Research finds gardeners have low level of exposure to controversial pesticide

Glyposate exposure levels were just 1 per cent of accepted European norms, NUI Galway study finds

Alison Connolly and Dr Marie Coggins,  both from the School of Physics at NUI Galway   who carried out the research. Photograph: NUI Galway.

Alison Connolly and Dr Marie Coggins, both from the School of Physics at NUI Galway who carried out the research. Photograph: NUI Galway.

 

Professional horticulturalists and regular gardeners are not exposed to significantly high levels of the weedkiller glyphosate, a study by scientists at NUI Galway have concluded.

Glyphosate, which is one of the most common weedkillers in the world, was the subject of a major court case in the United States taken by a groundskeeper, Dewayne Johnson. He claimed he was dying of non-Hodgkin lymphoma as a result of exposure to pesticides including glyphosate. He was awarded $289 million in damages, but Monsanto, the company he sued, is appealing.

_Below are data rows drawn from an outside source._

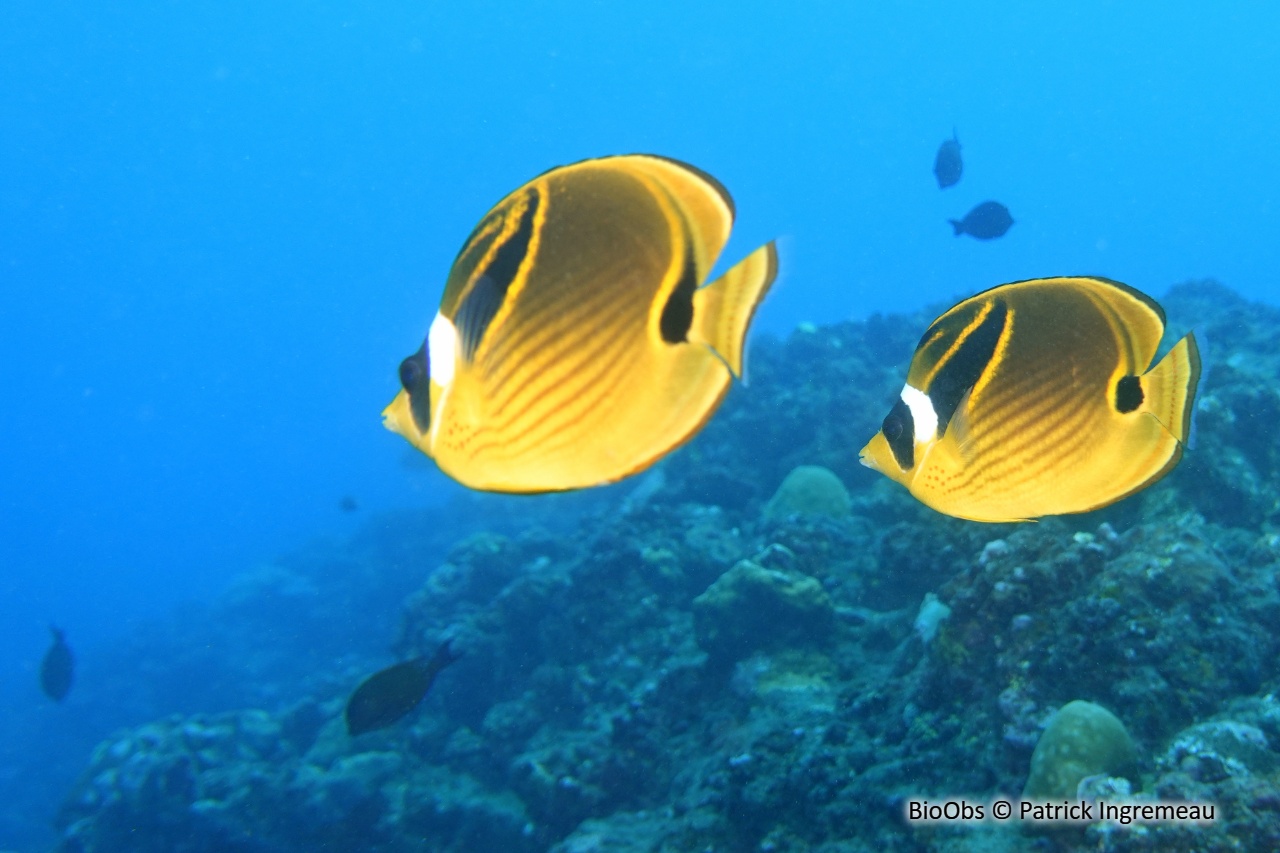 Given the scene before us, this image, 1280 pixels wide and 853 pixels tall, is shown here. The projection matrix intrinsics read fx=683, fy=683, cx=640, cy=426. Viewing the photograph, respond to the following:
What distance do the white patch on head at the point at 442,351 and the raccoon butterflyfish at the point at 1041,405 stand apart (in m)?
0.89

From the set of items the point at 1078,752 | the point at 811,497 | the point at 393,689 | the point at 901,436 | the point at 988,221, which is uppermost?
the point at 988,221

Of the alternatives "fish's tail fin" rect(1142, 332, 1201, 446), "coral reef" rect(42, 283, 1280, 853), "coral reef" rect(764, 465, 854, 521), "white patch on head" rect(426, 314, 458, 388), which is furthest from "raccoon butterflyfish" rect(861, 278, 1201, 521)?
"coral reef" rect(764, 465, 854, 521)

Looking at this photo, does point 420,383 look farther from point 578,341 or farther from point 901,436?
point 901,436

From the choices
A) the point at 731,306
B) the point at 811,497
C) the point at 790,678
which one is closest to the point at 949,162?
the point at 811,497

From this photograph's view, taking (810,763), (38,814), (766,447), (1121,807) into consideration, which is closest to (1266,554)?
(1121,807)

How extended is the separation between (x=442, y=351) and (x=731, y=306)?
46 centimetres

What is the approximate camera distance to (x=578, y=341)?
3.47ft

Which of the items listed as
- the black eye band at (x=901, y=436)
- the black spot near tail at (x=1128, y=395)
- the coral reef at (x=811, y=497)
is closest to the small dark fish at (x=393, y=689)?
the coral reef at (x=811, y=497)

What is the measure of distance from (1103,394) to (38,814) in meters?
23.9

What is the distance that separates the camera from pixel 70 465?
131500 millimetres

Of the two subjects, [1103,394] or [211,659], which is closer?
[1103,394]

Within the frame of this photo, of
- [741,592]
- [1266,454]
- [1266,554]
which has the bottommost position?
[1266,554]

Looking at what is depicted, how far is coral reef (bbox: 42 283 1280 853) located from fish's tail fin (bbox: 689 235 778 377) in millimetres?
3265

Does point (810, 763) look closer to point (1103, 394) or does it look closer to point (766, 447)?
point (1103, 394)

Health organisations are divided on whether or not glyphosate is a carcenogenic substance. The World Health Organisation’s International Agency for Research on Cancer classified it as a possible carcinogenic, but the European Food Safety Authority concluded that it was unlikely to be one.

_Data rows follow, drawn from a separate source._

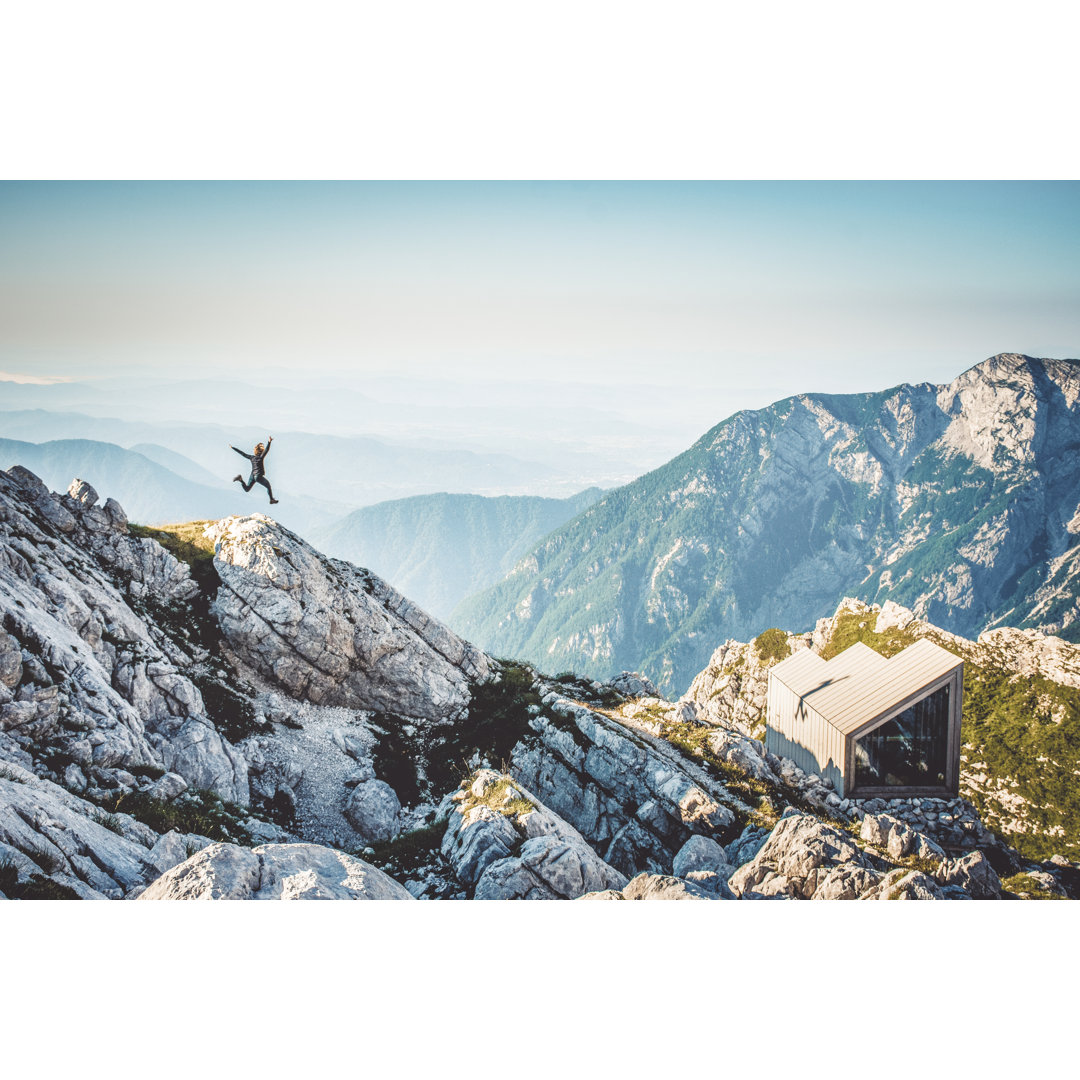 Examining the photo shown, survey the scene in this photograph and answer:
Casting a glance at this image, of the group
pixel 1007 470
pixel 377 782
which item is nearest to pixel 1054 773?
pixel 377 782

The NUI Galway study set out to ascertain the exposure levels that professional gardeners and those who are regular amateur gardeners have to glyphosate.

Apart from collecting and analysing urine samples from workers the researchers also assessed the contribution skin contact and inadvertent ingestion makes to worker’s total exposure by collecting wipe samples from worker’s hands, and the area around their mouth. In addition, worker’s mobile phones and vehicle steering wheels were also wiped and protective gloves collected.

Some 200 urine samples and 350 wipes and gloves were collected and analysed over four years.

The end result found a very low level of exposure to the weedkiller. The highest measured exposure was just 1 per cent of the acceptable operator exposure level (AOEL) set by the European Food Safety Authority.

Results also suggest that skin contamination on the worker’s hands rather than respiratory inhalation is the most significant form of exposure accounting for almost 40 per cent of the total exposure.

The research was led by exposure science lecturer Dr Marie Coggins and Alison Connolly, a PhD researcher in exposure science, both from the School of Physics at NUI Galway.

Dr Coggins cautioned against the notion that there was no risk involved in low level exposure to glyphosate and said the area needed more research. She said the dangers of chemicals often do not reveal themselves without multiple studies first.

She said many gardening professionals wear all the equipment necessary to minimise the risk from pesticides and this may account for the low readings.